Solid and Historical Set
Being the first date of the European tour of 1979, this show is one of the earliest Frippertronics recordings available. Not the first show, not even the first show of 1979 (there were a few performances in Montreal and the UK in April), but still very early on. For that reason this set is absolutely worth picking up, as the style Fripp adopts here would change quite soon as the month of May progresses. This show features more ambient washes and drones, with fewer of the bleeps and blips that seem to dominate the albums God Save the Queen/Under Heavy Manners and Let the Power Fall.
It's also worth picking up to hear Robert's playing overtop of the loops, although this is only possible because the recording is sourced from a bootleg made by an audience member.

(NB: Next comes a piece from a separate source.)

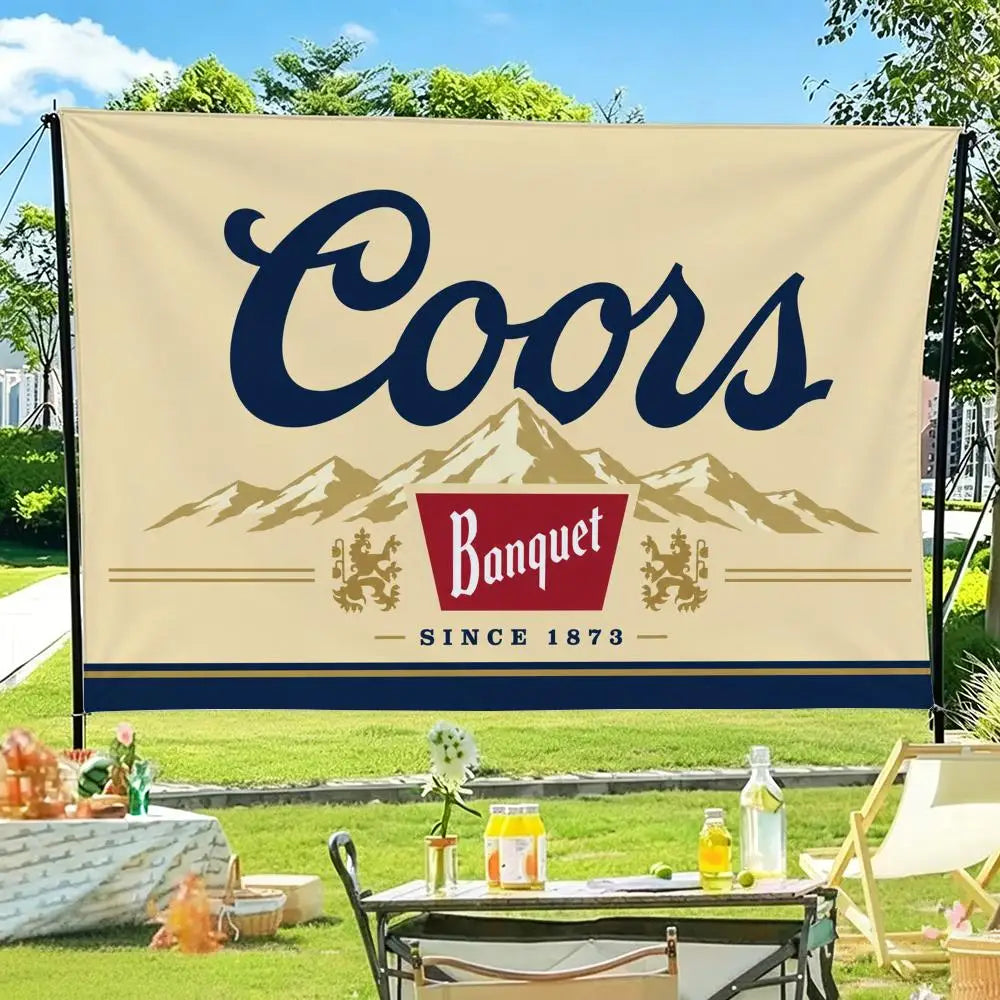 A beige flag banner featuring the word Coors in dark blue script above a silhouette of mountains and the text Since 1873.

Being able to hear the sounds of the room do allow the listener to sort of get a grasp for how the loops are sometimes constructed; in Music For Theatres and Solo III, you can hear a point during Robert's soloing where he rapidly and repeatedly clicks on a foot pedal, switching the output of his guitar and Frippelboard back and forth, going from the amplifier on stage to the tape machines that allow him to create his loops. This appears to be at least one method used to create the various bleeps and blips.
All in all I can't say it's a particularly special or unique show because of the content. Most of the loops are built around ideas Robert would revisit in later performances with a little more experience under his belt. For that, as well as the quality of the recording, I wouldn't recommend this to somebody completely unfamiliar with Frippertronics (actually for that person I would recommend finding a copy of Let the Power Fall, or perhaps GSTQ/UHM although that one has not been released on CD as of the time of writing). However, if you have heard both of the Frippertronics albums or have heard a few of the other shows on this tour or others (or maybe the albums *and* some other shows), I can safely say this one is still worth picking up for historical reasons especially. This style of Frippertronics would very quickly evolve from the ambient washes and drones to the later heavy reliance on beeps (not that either one is inherently better than the other). Alternatively, save your money and pick up the entire 1979 tour.